Chip Off/JTAG: the ...
 
Notifications
Clear all

Chip Off/JTAG: the beginning of the end?

14 Posts
4 Users
0 Likes
3,462 Views
(@trewmte)
Posts: 1877
Noble Member
Topic starter
 

Chip Off/JTAG the beginning of the end?

Service erasure
A group called http//www.tabernus.com/ who promote

"Tabernus also provides erasure solutions for Mobile Phones, USB, SSD (solid state devices) & other types of Flash removable memory and may other data holding devices too!"

Software erasure

Of course, there is a comparison to mobile phone flash erasure available from http//www.blancco.com/us/erase-smartphones/

Device specific denied data access
Hardware Encryption The iPhone 3GS and later, and all iPads, support built-in hardware encryption. All user data can be automatically encrypted in hardware at all times. This is used primarily for wiping the device rather than to stop attacks. Erasing the entire flash storage would be slow, so instead wiping works by destroying the encryption key, which instantly makes all user data inaccessible (Securosis).

More discussion - Mobile Flash Data Erasure - http//trewmte.blogspot.co.uk/2012/11/mobile-flash-data-erasure.html

 
Posted : 20/11/2012 11:25 pm
jhup
 jhup
(@jhup)
Posts: 1442
Noble Member
 

Not yet, but close…

I have been trying to take apart molded USB devices that are a single piece. As in, no PCB, no chips visible, just one big chunk… horrible.

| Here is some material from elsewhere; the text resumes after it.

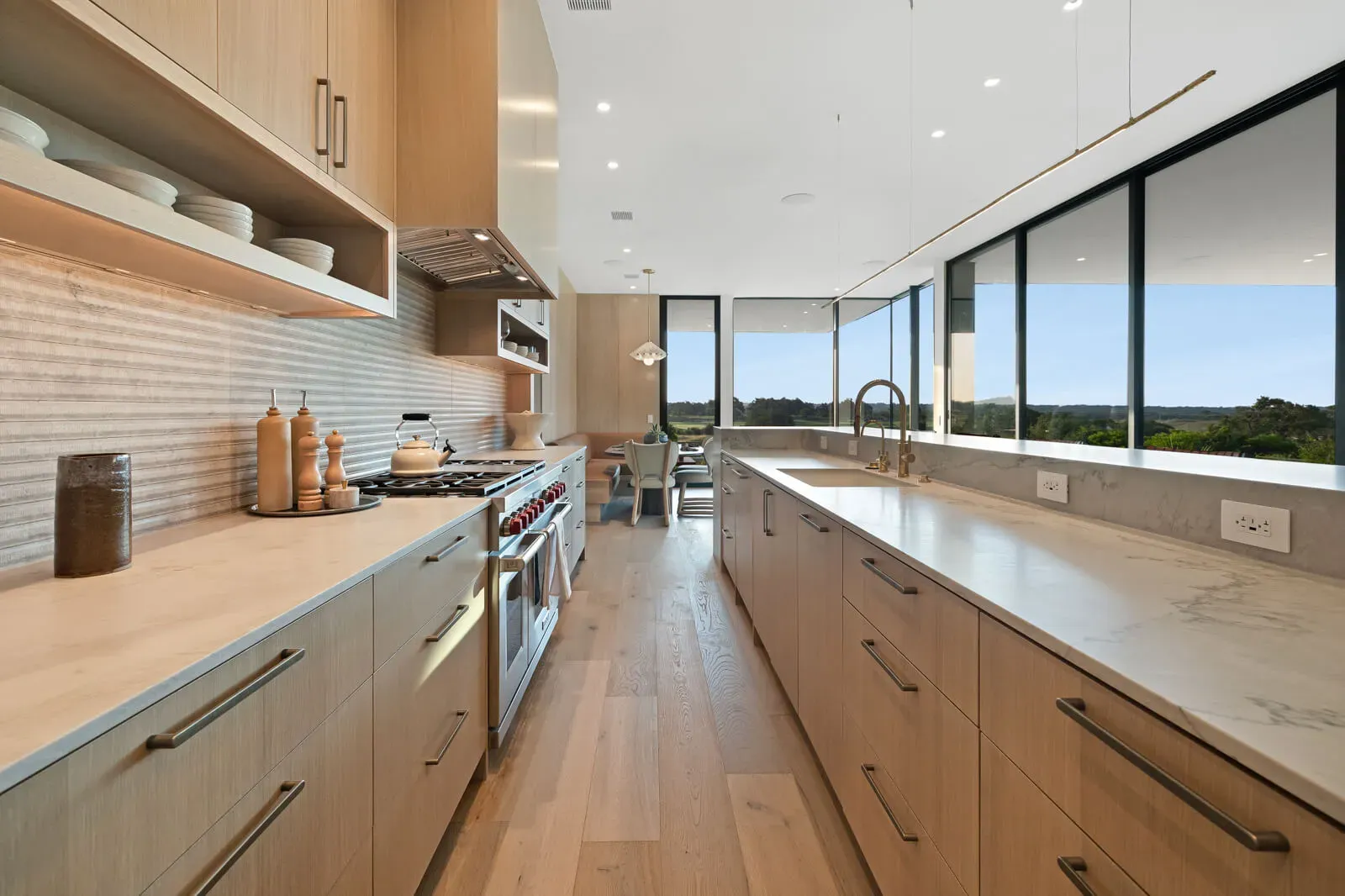 Hill Country luxury kitchen with long marble island, wood cabinetry, and expansive windows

On the other hand mrgreen we have had disk wiping tools for almost as long and disk imaging tools, right?

 
Posted : 22/11/2012 7:34 am
sideshow018
(@sideshow018)
Posts: 84
Trusted Member
 

CHIPOFF There will always be a need for the Chipoff process, not all phones makers will deploy the on-chip encryption; the cost factor still makes using NAND/eMMC etc type chips a cost effective way to store lare amounts of data on a small space; need to get a true bit by bit image of a SSD drive?, well the regular forensic processes won't get that for you, chipoff is the only way to get that; other devices will still use flash memory like GPS units, PVR's, flash memory, gaming counsels, vehicle navigation systems, in fact, most electronics these days use NAND flash type chips for memory.

You mention wiping the encryption key, are you sure that key is totally gone? Might still be there and accessible with a Chipoff dump…….it is happening in a slightly different manner with other types of phones (-

JTAG Again, most items that have a mainbaord, controller chip/CPU and flash type memory will have the ability to utilize the JTAG process. The Test Access Ports are present for a reason, the makers of the device want to test them before they leave the factory to ensure they are functioning properly, the Boundary Scan/JTAG process allows that. You can use the JTAG process on many type of devices including GPS units, PVR's, flash memory, gaming counsels, vehicle navigation systems…..sound familiar (- There is talk of the newer CPU's disabling the JTAG path to the memory but to date, I have not seen this, in the end, you can still get to the memory with the Chipoff process.

Never give up Flasher Box, never give up on JTAG and especially, don't give up on the Chipoff techniques.

Coming from a firm believer!

B

 
Posted : 24/11/2012 11:30 am
(@trewmte)
Posts: 1877
Noble Member
Topic starter
 

I think you may wish to re-read my post as in it I identify in the last paragraph my current view constrained to limited application at this moment in time. My observations might change with the creeping use in ersaure/sanitisation methods/techniques that I am uncovering.

CHIPOFF There will always be a need for the Chipoff process, not all phones makers will deploy the on-chip encryption; the cost factor still makes using NAND/eMMC etc type chips a cost effective way to store lare amounts of data on a small space; need to get a true bit by bit image of a SSD drive?, well the regular forensic processes won't get that for you, chipoff is the only way to get that; other devices will still use flash memory like GPS units, PVR's, flash memory, gaming counsels, vehicle navigation systems, in fact, most electronics these days use NAND flash type chips for memory.

How does this answer where no data is recovered after Chip Off and JTAG have been actioned?

I think if I had desired to bump up the crowd the use of collated stats etc can help do that e.g. such as the number of handsets/chips approximately populated in the market place where automated deletion, erasure and/or sanitisation conventions would have limited impact due to the design, construction and implementation of chips already insitu.

There are potentionally billions of handset/smart phones out there where Chip Off and JTAG can or could work successfully. My editorial discussion didn't and doesn't deny that.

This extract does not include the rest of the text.